茨城不安定労働組合

誰でも入れるひとりでも入れる労働組合である茨城不安定労働組合のブログです。

賃金奴隷な日々 日雇派遣日記(看板に偽りあり)(124)小ねこって知ってますか?

加藤匡通
十月×日(水)
  東京から離れてまた埼玉の現場に来ている。今回は敷地が狭くて荷物をこまめに動かしながらの作業。ブロック積みは門扉と塀だけだが、塀の方が狭くて狭くて、隣の家の金網フェンスの下をえぐって基礎を掘っているような気分だ。こういう狭いところの泥入れや泥出しはバケツを使うことが多いが、今回は小ねこを使った。猫八の子どものことではない(当たり前だ。)。一輪車の小さいやつで、見た目は縦に半分になった一輪車である。最初はわざわざ作ったのかとびっくりした。容量は三分のニらしい。見たことがないので「またマニアックな道具を買いましたね」と言ったらよく使う物で別にマニアックではないと返されてしまった。私もう十年以上日雇いですけど初めて見たんですが。狭いところに入れるので便利だが、慣れてないからか使いづらい。重心が違うのでバランスが取りづらいのだ。
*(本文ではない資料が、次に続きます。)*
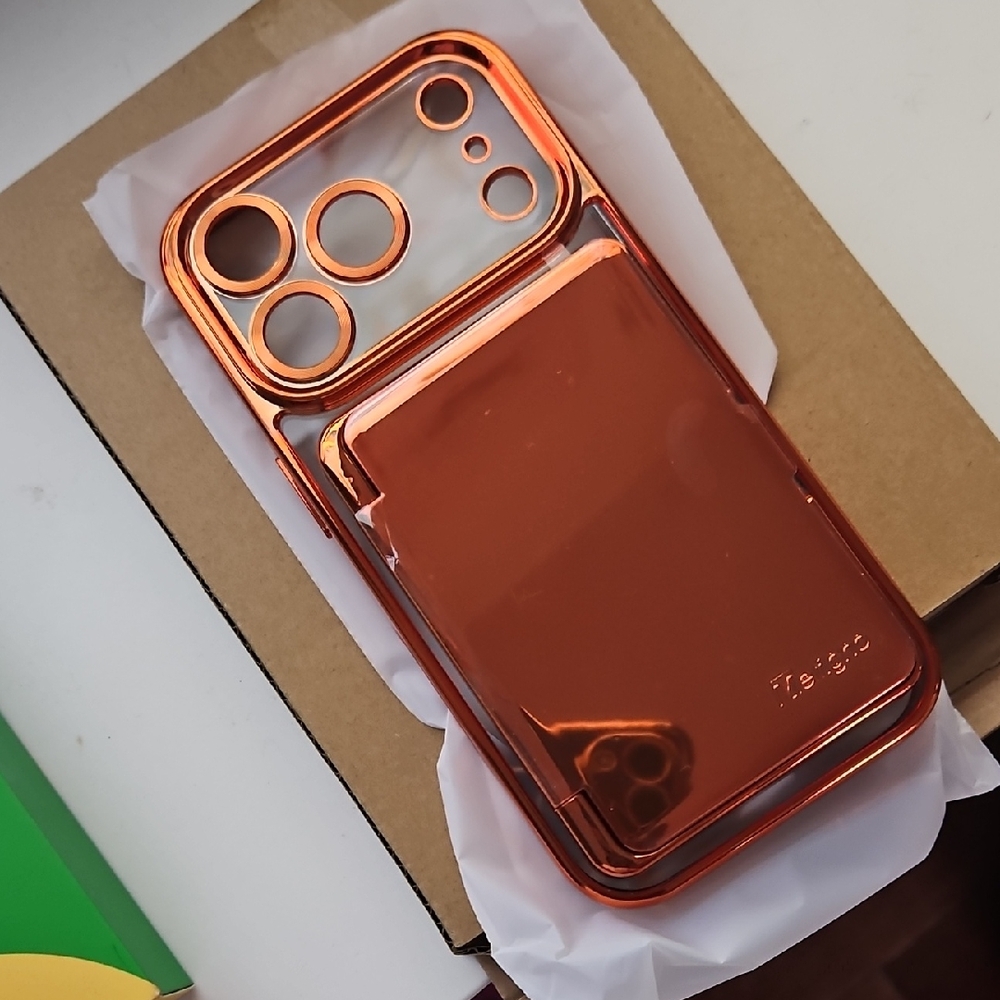 Metallic Orange Sliding Camera Cover Phone Case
それでも半日掘り続けた。一時期より穴掘りが増えたような気がするな。
 現場から歩いて三十秒に古本屋があるので当然覗き、これまた当然何冊か買って帰った。この駅、ブックオフの類じゃない真っ当な古本屋が三軒もあるんだよ。嬉しいなあ(もちろん喜んでいる場合ではない。もう何年も古本屋で本を帰ったら「新しく古本を買いました」と親に悟られないようにしている。)。
 この日記は僕自身の名前こそ戸籍名で書いているが、基本的にはあとは全部ぼかしていて、現場の地域も書いてはいない。全部実名で書けるに越したことはないだろうが、いろいろと差し障りがあるからだ。もちろん公安がその気になれば現場の特定なんか簡単だろうが、問題はそこじゃないからな。なんだか変な方向になってきた。えーと、何を言いたいかと言うと、今回みたいに例えば古本屋の話をしていて地域も店名も出せないのは残念だと言いたいのだ。いい店を紹介出来ないというのはなんとももどかしい。そっちが主眼じゃないからしょうがないか(なので店名が分かったからとコメントに書き込んだりしないように。)。